桃山学院大学では、1981年以来「論文指導」「論文作法」あるいは「論述作文」という授業名で、学生に論文の書き方に関する指導をおこなってきた。開始から20年の歳月を経た今この取り組みを振り返り、そこから得られたものをこれからのカリキュラム設計に生かすべく総括を試みる。
「論文指導」は、全学的カリキュラム改革の重要な一環として計画され、数年の試行を経て1981年より全学部をあげて取り組まれた。その当時、学生の日本語能力の低下がマスコミにも大きく取り上げられるほど表面化しており、大学として放置できないという認識があった。言語能力の低下は大学の存立基盤を危うくし、大学教育が成り立たない状況を作り出すと危惧されていた。この状況を少しでも改善すべく設置された「論文指導」は、日本語の文章を書くことで考える力を養うという目標を持っていた。
「論文指導」の授業を担当したのは、作文教育などの専門教員ではなく、それぞれの分野では専門家ではあっても作文教育については何の経験もない教員たちだった。これは、専門分野の中でふだんから論文を書いている教員こそ論文指導に当たるのにふさわしいはず、という考えと、担当する教員にとっても自らの知識の総合化を図る上でプラスになるという考えに基づくものであった。とはいえ、自らが書くことと、それを学生に指導することとの間には大きな差がある。全学部から専任教員の有志がこの難事業に挑戦した。
「論文指導」の受講希望者数は最初の年から予想を大幅に上回った。1クラス15名程度を予定していたのに倍近い希望者があり、30名を超えると指導が限界に達すると考え、クラスを増やしたり抽選にした。1981年度は17クラス、1982年度21クラス、1983年度22クラス、1984年度35クラスと、年々需要は増加した。必修科目でもなく、出席が必要で毎回のように文章を書かされるかなり厳しい授業であるにもかかわらず、大学教員が必要と考えていた以上にこの「論文指導」のような授業を必要と感じている学生が多数いたということである。

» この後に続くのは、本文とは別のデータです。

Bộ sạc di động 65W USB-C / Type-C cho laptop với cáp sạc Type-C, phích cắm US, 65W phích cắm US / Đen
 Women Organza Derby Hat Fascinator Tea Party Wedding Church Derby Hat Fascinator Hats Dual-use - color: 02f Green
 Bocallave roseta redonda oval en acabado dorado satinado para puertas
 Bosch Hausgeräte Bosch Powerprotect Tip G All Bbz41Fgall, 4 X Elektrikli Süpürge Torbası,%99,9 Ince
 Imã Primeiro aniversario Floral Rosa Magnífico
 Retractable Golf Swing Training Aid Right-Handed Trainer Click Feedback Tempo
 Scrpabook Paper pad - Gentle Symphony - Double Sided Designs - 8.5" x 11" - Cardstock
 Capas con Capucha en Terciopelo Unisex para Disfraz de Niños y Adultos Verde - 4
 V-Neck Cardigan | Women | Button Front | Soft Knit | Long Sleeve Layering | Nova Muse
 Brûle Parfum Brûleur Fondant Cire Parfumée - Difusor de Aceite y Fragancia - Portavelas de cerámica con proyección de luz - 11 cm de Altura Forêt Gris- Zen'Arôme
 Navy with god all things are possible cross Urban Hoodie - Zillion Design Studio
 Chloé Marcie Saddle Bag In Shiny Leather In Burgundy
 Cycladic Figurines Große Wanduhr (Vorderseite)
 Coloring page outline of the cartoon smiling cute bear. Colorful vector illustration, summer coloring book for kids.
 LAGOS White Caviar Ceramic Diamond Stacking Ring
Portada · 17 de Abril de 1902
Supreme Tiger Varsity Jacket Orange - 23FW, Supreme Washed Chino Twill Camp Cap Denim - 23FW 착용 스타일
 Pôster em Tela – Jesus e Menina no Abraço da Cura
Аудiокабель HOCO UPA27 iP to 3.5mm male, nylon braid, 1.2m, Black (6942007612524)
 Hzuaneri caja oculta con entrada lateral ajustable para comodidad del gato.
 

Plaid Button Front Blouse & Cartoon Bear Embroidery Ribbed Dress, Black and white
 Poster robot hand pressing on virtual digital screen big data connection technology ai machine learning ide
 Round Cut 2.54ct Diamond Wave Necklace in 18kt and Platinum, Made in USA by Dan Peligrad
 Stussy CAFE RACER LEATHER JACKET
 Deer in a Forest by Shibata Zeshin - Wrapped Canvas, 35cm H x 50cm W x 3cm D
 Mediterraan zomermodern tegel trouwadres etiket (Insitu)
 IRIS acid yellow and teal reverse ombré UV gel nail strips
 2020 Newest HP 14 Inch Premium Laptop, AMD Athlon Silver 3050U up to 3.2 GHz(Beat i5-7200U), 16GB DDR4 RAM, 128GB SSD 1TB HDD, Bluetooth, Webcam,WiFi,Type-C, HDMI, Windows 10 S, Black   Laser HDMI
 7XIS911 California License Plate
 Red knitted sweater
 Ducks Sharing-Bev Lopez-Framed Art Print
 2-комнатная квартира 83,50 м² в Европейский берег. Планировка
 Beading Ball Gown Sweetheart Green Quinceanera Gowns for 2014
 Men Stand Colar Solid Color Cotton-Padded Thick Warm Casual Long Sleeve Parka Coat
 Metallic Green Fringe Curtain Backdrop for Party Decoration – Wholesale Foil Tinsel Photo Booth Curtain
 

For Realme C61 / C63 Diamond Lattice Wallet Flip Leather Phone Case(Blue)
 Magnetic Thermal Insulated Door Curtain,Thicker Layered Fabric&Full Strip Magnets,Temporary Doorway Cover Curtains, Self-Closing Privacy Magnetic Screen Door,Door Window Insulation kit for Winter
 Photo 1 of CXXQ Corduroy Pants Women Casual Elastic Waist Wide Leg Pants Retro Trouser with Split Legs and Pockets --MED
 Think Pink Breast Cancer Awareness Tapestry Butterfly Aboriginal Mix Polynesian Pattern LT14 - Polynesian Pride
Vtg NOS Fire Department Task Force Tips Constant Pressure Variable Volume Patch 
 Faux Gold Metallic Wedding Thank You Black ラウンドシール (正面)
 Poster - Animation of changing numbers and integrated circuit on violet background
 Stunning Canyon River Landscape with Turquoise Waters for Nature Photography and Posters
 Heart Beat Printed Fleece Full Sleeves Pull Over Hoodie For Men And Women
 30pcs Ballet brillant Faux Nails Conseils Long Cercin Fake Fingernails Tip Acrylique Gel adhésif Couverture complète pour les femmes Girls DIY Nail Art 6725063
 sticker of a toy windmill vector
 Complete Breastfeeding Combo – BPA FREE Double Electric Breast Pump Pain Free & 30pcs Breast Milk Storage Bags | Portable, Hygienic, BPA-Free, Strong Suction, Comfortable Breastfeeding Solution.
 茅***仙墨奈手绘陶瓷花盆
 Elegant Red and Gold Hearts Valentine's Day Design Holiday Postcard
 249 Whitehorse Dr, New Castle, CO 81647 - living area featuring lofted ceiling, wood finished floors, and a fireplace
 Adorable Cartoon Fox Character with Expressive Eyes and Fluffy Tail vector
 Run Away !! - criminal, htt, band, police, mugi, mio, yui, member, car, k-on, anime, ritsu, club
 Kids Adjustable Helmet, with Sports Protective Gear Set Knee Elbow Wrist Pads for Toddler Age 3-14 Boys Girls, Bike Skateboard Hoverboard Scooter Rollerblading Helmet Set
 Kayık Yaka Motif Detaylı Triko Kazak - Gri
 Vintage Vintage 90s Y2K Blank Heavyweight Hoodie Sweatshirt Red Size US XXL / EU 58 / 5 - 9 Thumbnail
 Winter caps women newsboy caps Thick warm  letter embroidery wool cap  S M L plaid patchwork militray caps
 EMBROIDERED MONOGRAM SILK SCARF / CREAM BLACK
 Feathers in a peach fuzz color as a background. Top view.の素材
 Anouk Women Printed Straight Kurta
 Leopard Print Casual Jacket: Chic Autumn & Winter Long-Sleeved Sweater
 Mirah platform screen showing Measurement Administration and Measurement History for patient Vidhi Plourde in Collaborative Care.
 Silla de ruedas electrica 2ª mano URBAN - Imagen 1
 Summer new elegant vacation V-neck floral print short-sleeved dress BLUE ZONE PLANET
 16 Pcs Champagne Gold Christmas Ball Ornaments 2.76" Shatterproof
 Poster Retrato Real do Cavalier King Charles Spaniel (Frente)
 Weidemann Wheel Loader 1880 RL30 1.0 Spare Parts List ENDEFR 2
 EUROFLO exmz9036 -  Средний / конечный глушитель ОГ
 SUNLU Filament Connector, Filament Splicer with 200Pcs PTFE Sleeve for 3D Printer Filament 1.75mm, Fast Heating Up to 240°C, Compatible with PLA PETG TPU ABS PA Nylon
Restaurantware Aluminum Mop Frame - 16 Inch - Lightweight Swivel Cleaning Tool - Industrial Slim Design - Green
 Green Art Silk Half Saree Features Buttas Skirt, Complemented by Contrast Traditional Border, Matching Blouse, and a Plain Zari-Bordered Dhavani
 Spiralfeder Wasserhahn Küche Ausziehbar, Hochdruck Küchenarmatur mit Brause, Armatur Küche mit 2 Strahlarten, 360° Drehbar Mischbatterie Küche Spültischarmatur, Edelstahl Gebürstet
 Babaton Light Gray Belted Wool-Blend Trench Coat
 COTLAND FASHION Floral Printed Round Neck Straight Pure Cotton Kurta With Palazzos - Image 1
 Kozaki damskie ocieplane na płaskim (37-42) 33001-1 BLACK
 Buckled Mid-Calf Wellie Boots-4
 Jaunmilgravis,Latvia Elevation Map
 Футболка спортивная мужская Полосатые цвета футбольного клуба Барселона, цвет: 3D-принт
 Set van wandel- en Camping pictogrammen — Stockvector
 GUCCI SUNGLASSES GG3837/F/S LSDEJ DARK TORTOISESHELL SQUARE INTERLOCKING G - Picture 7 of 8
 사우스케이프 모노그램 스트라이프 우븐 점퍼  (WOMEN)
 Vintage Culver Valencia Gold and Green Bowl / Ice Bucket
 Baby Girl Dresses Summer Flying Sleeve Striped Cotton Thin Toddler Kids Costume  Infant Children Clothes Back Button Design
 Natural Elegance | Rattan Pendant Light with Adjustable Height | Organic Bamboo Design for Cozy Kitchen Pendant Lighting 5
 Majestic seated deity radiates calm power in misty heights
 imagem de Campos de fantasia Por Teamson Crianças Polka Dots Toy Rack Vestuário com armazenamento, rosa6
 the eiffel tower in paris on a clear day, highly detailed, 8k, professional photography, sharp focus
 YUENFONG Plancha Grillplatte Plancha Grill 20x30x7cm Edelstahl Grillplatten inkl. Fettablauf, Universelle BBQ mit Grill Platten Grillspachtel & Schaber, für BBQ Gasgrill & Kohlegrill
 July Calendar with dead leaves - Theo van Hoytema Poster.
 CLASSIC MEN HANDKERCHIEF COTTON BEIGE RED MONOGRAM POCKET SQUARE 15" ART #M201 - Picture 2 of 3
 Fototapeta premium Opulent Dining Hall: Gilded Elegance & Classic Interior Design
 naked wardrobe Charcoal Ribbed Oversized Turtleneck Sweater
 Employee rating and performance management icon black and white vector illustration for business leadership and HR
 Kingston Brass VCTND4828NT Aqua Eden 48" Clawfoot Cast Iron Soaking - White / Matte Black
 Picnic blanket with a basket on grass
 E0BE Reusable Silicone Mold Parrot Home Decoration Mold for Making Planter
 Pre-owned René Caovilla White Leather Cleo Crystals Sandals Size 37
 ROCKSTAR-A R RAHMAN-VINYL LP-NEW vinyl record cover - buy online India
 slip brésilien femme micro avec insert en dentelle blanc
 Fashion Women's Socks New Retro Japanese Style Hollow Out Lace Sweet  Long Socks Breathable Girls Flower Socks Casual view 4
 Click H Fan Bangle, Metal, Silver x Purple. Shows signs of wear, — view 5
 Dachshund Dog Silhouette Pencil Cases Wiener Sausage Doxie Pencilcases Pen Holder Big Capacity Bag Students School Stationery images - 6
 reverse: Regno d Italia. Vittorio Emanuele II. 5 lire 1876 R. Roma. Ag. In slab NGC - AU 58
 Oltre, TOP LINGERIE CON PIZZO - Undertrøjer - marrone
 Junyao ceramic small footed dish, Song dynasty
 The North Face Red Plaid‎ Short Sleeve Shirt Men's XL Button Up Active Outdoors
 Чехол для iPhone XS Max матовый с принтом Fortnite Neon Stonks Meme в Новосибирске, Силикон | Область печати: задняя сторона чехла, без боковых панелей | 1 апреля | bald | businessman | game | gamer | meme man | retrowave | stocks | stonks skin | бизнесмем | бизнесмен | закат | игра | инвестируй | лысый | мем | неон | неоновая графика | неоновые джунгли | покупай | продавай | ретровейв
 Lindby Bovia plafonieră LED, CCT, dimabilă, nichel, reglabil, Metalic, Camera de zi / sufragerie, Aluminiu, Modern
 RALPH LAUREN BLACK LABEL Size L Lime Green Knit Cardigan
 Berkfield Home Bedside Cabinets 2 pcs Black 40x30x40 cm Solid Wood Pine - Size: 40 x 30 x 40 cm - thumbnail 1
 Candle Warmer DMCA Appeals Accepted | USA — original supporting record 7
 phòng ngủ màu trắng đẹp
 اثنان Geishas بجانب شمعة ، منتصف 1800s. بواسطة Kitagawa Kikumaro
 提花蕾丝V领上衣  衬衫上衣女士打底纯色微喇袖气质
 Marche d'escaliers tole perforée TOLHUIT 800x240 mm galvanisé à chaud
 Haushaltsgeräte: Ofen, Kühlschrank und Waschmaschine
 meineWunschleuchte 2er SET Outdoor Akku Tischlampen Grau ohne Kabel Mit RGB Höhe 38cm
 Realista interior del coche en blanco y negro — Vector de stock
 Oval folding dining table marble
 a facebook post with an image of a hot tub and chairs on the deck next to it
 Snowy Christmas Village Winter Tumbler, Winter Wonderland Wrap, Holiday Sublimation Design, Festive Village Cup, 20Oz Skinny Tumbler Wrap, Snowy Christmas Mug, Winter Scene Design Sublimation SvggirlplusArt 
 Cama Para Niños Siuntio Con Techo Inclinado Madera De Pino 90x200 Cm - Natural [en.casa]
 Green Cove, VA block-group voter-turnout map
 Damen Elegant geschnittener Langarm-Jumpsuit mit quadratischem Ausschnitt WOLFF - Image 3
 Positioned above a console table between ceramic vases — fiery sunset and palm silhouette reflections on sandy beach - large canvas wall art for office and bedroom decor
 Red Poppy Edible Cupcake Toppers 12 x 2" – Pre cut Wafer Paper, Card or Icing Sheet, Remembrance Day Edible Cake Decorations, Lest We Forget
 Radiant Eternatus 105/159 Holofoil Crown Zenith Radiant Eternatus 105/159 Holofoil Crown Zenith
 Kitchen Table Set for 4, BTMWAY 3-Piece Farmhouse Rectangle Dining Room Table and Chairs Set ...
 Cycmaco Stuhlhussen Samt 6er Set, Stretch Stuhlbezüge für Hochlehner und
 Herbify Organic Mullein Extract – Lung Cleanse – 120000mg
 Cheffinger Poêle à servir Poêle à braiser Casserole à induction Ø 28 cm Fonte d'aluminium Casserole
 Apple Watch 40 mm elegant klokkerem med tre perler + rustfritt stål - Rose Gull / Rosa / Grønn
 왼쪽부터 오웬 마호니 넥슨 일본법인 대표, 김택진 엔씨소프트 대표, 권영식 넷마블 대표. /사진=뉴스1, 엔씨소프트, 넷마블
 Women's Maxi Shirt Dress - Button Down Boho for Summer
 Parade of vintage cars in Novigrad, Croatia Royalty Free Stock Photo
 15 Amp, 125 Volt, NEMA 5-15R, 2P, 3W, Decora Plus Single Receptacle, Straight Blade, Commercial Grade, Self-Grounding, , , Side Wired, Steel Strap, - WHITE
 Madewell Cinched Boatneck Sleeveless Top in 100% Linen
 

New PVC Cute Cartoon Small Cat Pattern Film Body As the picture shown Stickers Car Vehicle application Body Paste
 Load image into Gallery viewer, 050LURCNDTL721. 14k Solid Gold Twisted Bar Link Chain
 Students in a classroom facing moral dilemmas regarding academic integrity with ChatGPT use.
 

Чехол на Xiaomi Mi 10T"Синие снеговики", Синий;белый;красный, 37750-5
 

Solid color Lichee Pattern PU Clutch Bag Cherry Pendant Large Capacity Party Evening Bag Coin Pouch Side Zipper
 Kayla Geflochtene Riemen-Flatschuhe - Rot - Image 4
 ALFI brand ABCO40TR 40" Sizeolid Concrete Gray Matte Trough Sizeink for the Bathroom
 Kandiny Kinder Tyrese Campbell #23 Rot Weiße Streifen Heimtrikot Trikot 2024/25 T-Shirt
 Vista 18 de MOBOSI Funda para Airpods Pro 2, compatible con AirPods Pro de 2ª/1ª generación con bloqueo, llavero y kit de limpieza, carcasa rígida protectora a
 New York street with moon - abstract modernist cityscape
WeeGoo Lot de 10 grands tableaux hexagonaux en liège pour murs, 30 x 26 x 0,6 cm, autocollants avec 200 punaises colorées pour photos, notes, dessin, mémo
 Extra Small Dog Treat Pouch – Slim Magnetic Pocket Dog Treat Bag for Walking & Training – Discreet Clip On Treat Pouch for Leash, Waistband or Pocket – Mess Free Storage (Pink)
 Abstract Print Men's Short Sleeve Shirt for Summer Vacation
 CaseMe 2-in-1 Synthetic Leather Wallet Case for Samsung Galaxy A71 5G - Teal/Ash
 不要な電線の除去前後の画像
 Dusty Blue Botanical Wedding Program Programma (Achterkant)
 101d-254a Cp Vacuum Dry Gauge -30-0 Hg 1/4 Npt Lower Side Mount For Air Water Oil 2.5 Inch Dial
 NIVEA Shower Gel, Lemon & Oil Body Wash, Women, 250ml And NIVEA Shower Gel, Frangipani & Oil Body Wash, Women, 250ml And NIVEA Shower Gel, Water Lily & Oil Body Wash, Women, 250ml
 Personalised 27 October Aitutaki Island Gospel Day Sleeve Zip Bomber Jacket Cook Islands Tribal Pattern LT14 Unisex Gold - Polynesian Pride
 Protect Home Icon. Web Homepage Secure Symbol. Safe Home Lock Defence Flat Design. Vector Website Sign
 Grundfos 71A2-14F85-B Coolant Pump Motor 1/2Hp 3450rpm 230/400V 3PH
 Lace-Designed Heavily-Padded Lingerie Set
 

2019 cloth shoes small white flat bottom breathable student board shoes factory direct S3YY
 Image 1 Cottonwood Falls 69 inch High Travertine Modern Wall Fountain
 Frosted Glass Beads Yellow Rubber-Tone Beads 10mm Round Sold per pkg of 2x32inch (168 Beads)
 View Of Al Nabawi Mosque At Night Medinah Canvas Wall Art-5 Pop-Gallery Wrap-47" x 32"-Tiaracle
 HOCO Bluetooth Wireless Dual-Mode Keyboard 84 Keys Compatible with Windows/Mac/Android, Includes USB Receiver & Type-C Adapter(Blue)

「論文指導」は開始から15年間続いた。カリキュラムの重要な一部として安定した位置を占めていたが、文学部の発足に伴い各学部が独自のカリキュラムを追求するようになると、担当する教員が減っていった。そのため、全クラスを専任教員が担当することが不可能になり、半数以上を非常勤教員に任せることが多くなっていった。
そして、1996年から始まった新カリキュラムでは、この授業の位置づけに関する大きな変化があった。もともと学部専門科目として位置づけられ、通年で4単位の科目であった「論文指導」は、新カリキュラムでは「論述作文」の名で通年2単位の共通自由科目に位置づけられた。単位数が4単位から2単位に減った理由はいくつかあるが、それまで「論文指導」が果たしてきた従来の役割を、経済、社会、経営各学部が設置した「基礎ゼミ」が代行することになり、「論述作文」は演習科目として差別化する必要があったこと、また「英語」その他の外国語科目と並んで学部教育の根幹に位置づけられる「語学」として、新たにこの「論述作文」を位置づけようという意図などがあった。他の語学科目が通年2単位であるため、「論述作文」も2単位にする必要があった。だが、他の語学科目と違い、必修科目とはならなかった。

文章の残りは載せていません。